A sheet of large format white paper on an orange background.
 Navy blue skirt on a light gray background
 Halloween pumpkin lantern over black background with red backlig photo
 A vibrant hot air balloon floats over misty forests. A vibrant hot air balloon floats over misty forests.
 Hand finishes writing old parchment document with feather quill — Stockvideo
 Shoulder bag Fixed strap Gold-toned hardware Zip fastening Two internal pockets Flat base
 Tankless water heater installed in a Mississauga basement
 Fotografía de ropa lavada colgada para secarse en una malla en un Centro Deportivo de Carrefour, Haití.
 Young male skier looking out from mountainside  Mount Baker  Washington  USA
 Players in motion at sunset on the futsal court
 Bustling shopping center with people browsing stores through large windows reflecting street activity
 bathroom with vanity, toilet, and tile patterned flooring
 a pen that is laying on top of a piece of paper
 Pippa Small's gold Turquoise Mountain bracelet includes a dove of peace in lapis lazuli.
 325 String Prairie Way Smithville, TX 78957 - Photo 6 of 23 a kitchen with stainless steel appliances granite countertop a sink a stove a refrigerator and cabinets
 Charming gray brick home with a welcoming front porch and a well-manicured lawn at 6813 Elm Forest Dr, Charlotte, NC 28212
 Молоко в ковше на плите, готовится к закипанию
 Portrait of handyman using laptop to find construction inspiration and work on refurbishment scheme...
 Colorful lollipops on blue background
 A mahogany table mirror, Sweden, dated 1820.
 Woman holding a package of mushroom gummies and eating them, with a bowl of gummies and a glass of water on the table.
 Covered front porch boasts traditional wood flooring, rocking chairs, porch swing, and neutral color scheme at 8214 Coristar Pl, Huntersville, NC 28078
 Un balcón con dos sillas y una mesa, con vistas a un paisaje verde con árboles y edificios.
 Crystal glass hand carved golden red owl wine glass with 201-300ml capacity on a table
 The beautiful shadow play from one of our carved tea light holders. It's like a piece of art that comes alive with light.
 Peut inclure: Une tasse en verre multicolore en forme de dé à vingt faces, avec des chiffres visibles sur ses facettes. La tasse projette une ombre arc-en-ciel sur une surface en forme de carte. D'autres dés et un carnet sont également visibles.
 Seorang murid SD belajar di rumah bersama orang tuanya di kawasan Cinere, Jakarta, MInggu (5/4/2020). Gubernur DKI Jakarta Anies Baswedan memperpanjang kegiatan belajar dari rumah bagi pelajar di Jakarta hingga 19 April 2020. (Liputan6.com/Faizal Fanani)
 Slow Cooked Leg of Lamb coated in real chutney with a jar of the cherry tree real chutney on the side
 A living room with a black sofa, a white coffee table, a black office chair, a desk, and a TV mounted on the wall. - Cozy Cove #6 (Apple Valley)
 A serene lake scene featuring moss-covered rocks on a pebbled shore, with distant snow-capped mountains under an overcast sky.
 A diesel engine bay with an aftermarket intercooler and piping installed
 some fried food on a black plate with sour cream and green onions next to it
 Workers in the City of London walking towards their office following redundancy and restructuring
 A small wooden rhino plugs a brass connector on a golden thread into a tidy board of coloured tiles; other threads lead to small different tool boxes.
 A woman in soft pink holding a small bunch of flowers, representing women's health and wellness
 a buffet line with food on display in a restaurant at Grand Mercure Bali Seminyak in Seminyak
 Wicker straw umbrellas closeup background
....................
* **Exercise objective**: Within the data above, the lines from the one with "Bustling shopping center" to the one with "Pippa Small's gold" must be repeated exactly; no other line belongs in the answer.

* **Response to this exercise**:
 Bustling shopping center with people browsing stores through large windows reflecting street activity
 bathroom with vanity, toilet, and tile patterned flooring
 a pen that is laying on top of a piece of paper
 Pippa Small's gold Turquoise Mountain bracelet includes a dove of peace in lapis lazuli.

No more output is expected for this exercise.